Return exactly the lines of the entries that start at the line containing "Adjustable geometric copper" and continue to the last line. Omit the pictures.
+--
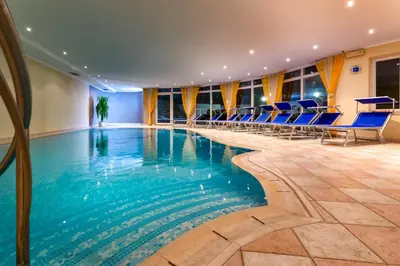 a swimming pool in a hotel with blue chairs at Hotel Kronhof in Moso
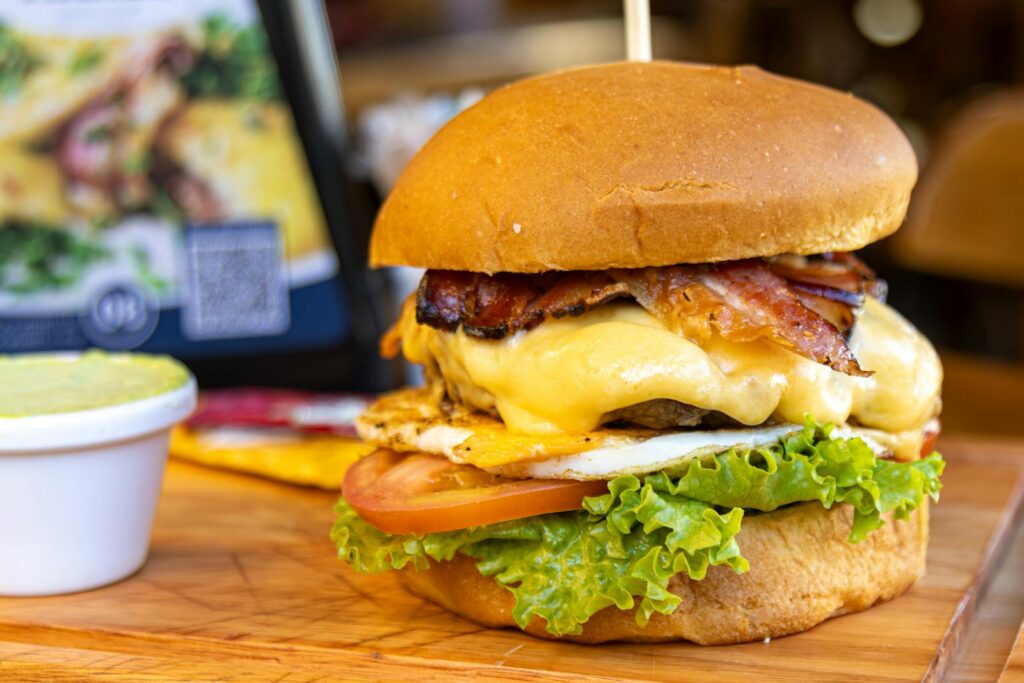 Close-up of a delicious bacon cheeseburger with lettuce, tomato, and cheese on a wooden board.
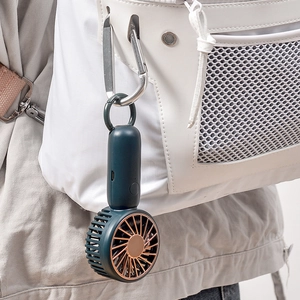 Portable dark green mini USB fan with gold grille hanging on a white backpack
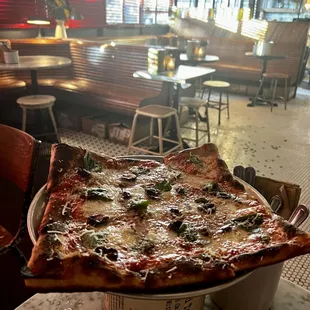 a pizza in a pan on a table in a restaurant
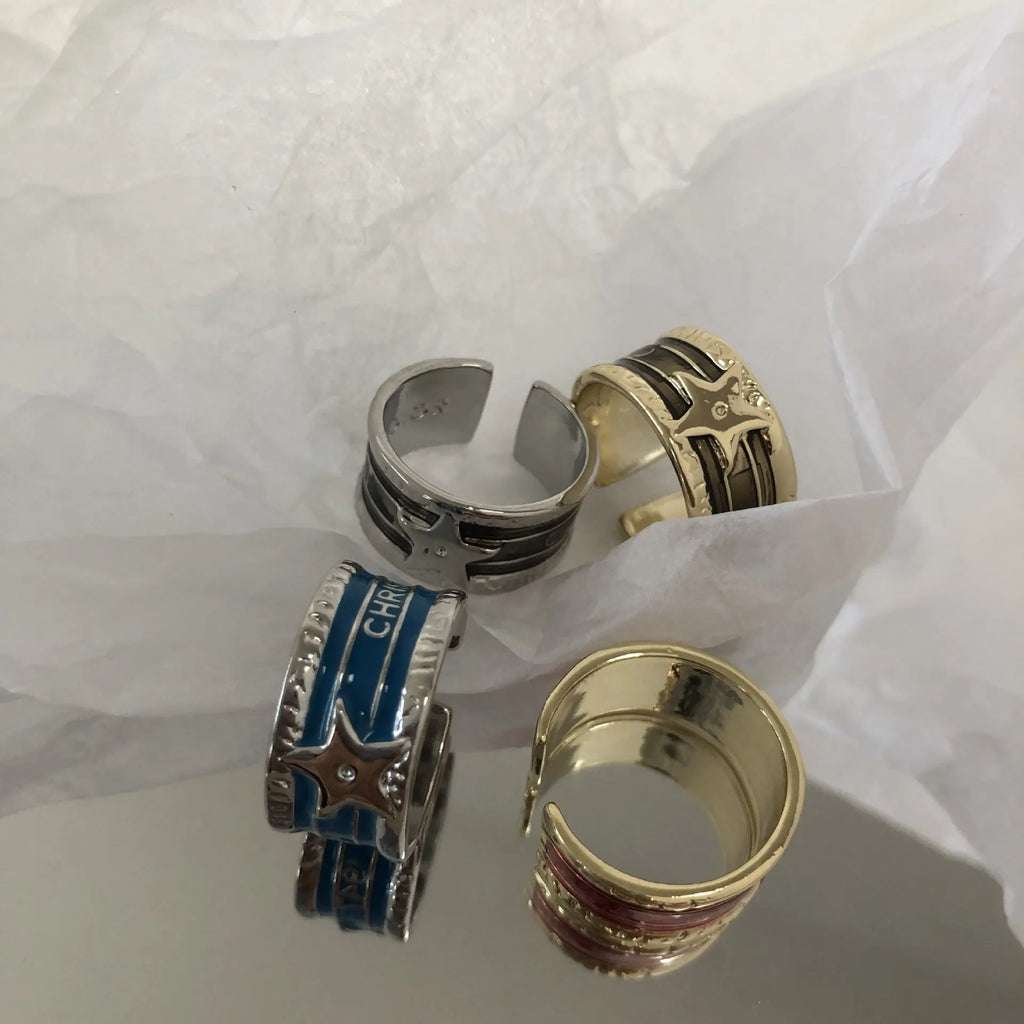Adjustable geometric copper ring with a distressed electroplated finish in a choice of colours.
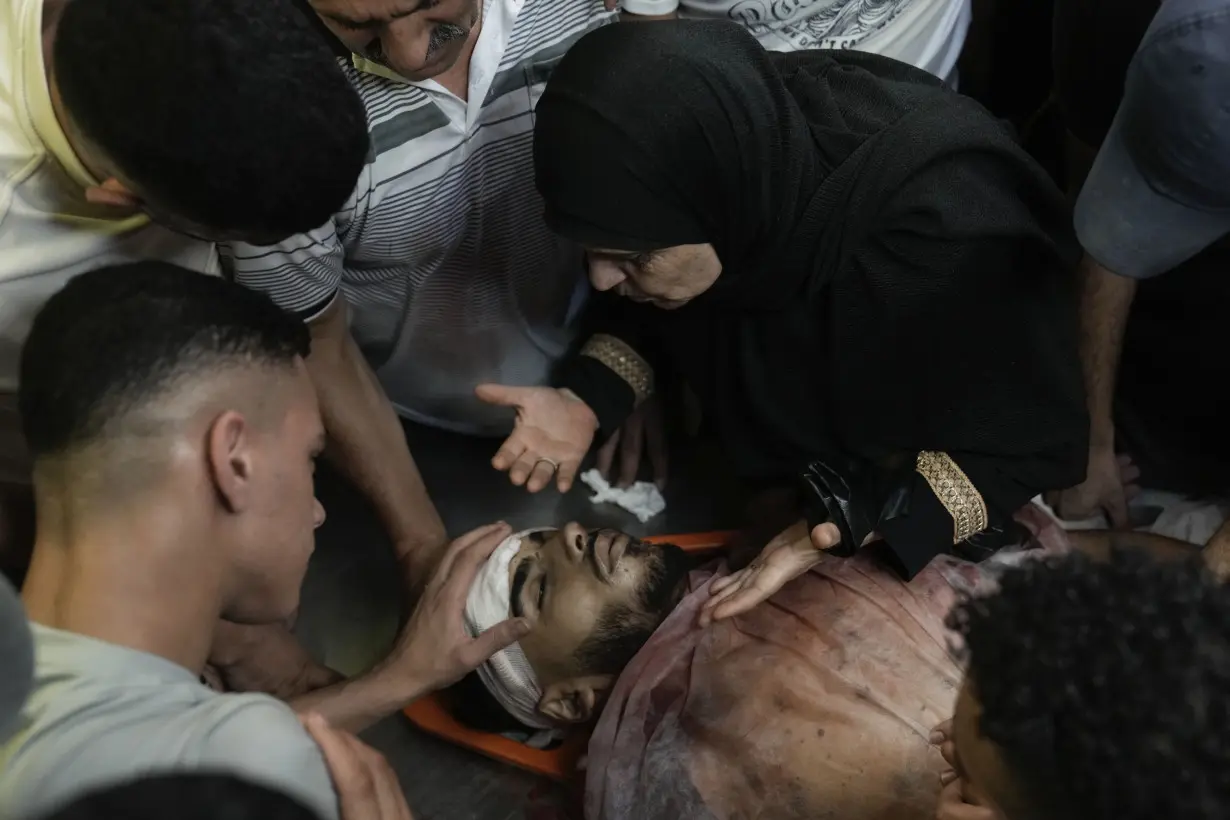 An Israeli airstrike hits a school sheltering people in Gaza, killing at least 30 including children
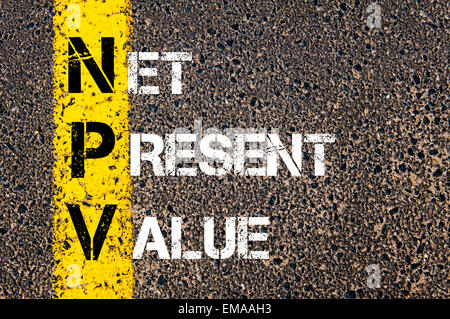 Business Acronym NPV - Net Present Value. Yellow paint line on the road against asphalt background. Conceptual image Stockfoto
+--
## Solution to the exercise
Adjustable geometric copper ring with a distressed electroplated finish in a choice of colours.
 An Israeli airstrike hits a school sheltering people in Gaza, killing at least 30 including children
 Business Acronym NPV - Net Present Value. Yellow paint line on the road against asphalt background. Conceptual image Stockfoto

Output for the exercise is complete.